- _SOURCE RECORDS_

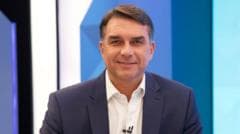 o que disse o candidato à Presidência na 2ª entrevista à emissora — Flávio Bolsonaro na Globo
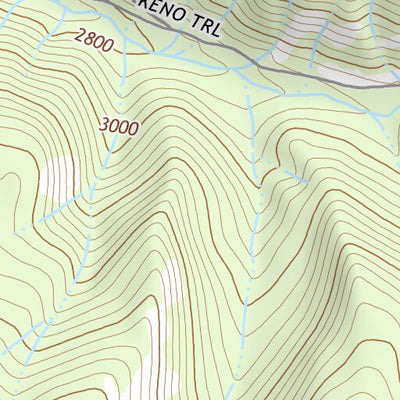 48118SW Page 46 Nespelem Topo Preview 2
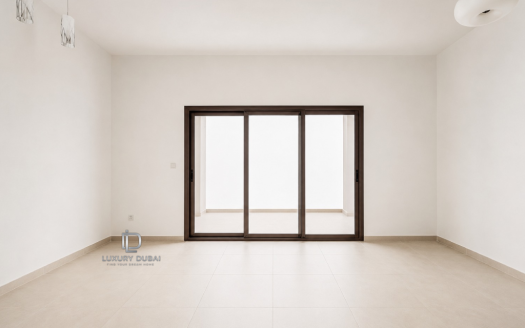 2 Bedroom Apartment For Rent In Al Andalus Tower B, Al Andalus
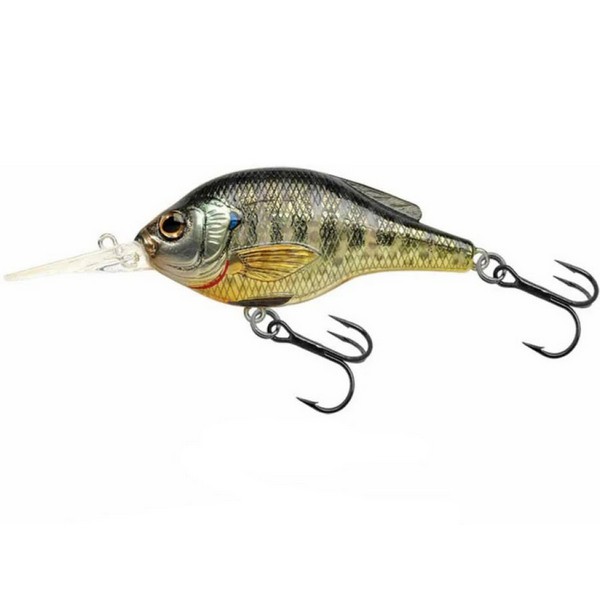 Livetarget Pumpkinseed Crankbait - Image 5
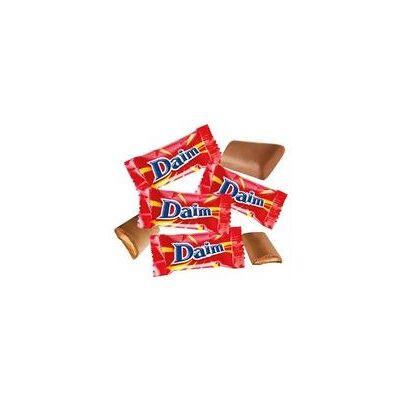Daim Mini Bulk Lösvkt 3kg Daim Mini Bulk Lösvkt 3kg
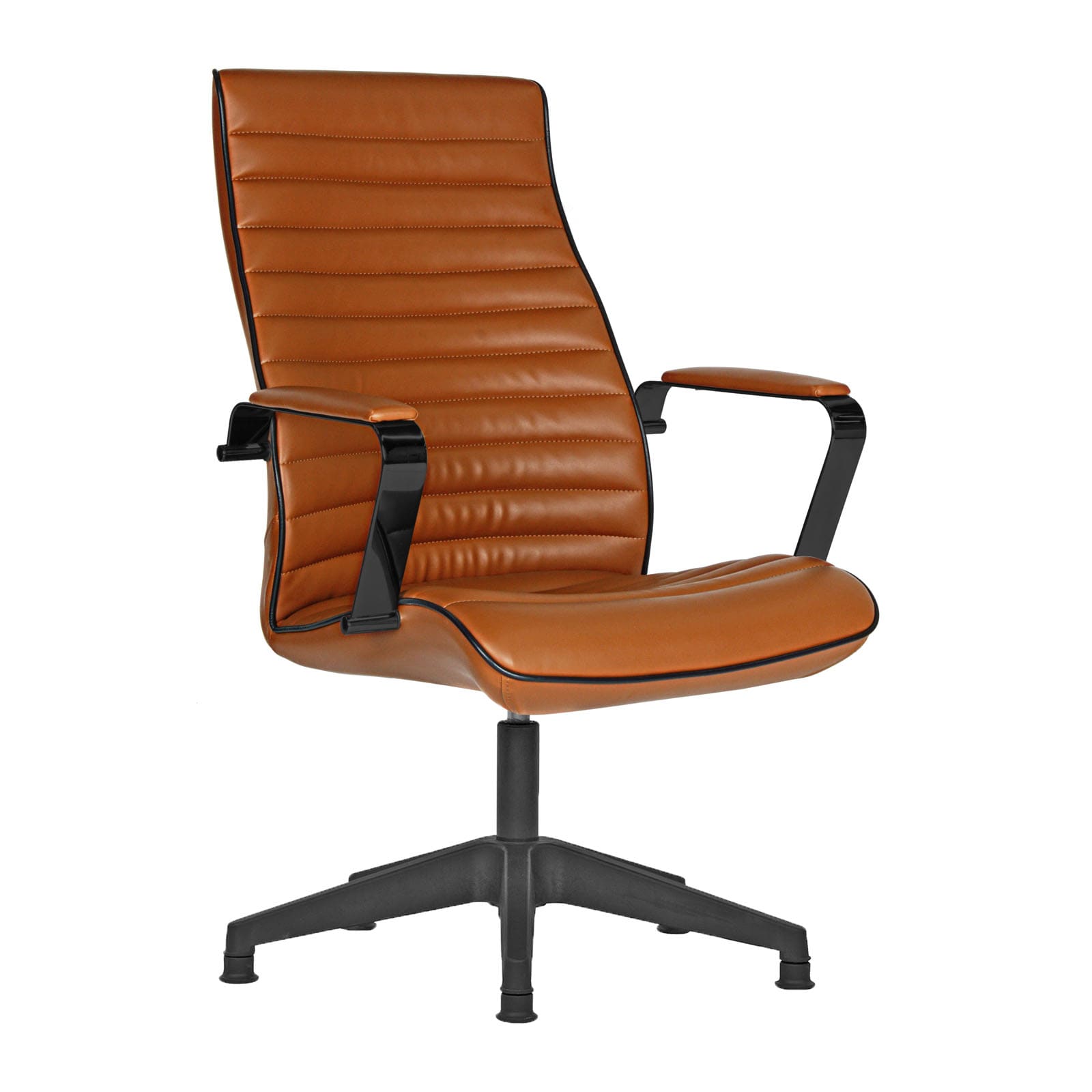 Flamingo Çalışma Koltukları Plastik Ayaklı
---
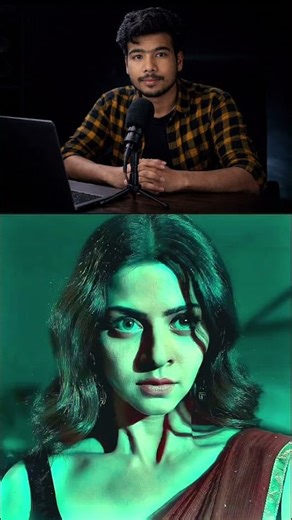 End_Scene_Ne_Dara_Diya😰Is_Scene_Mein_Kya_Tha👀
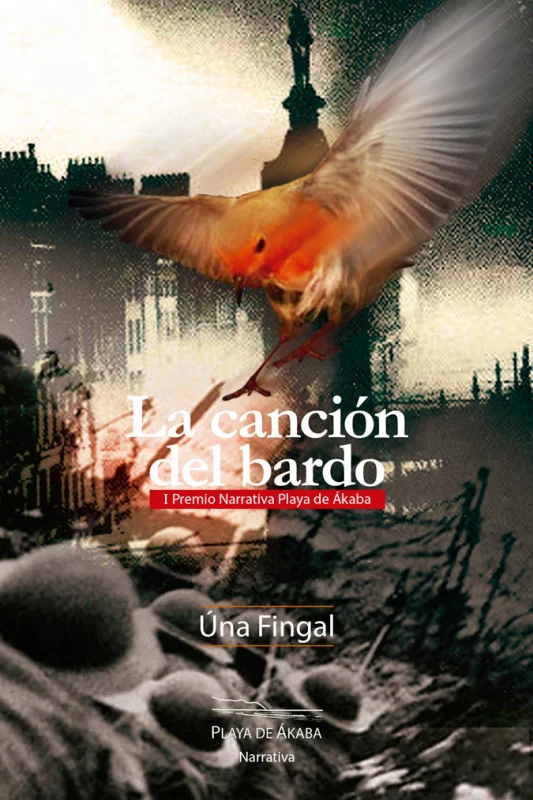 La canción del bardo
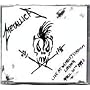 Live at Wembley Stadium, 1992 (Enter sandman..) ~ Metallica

- _PROBLEM TO SOLVE_
Beginning with the line above that contains "o que disse" and ending with the line that contains "Flamingo Çalışma Koltukları Plastik Ayaklı", quote each line exactly, keeping out the pictures.

- _RESPONSE FOR THIS EXERCISE_
 o que disse o candidato à Presidência na 2ª entrevista à emissora — Flávio Bolsonaro na Globo
 48118SW Page 46 Nespelem Topo Preview 2
 2 Bedroom Apartment For Rent In Al Andalus Tower B, Al Andalus
 Livetarget Pumpkinseed Crankbait - Image 5
Daim Mini Bulk Lösvkt 3kg Daim Mini Bulk Lösvkt 3kg
 Flamingo Çalışma Koltukları Plastik Ayaklı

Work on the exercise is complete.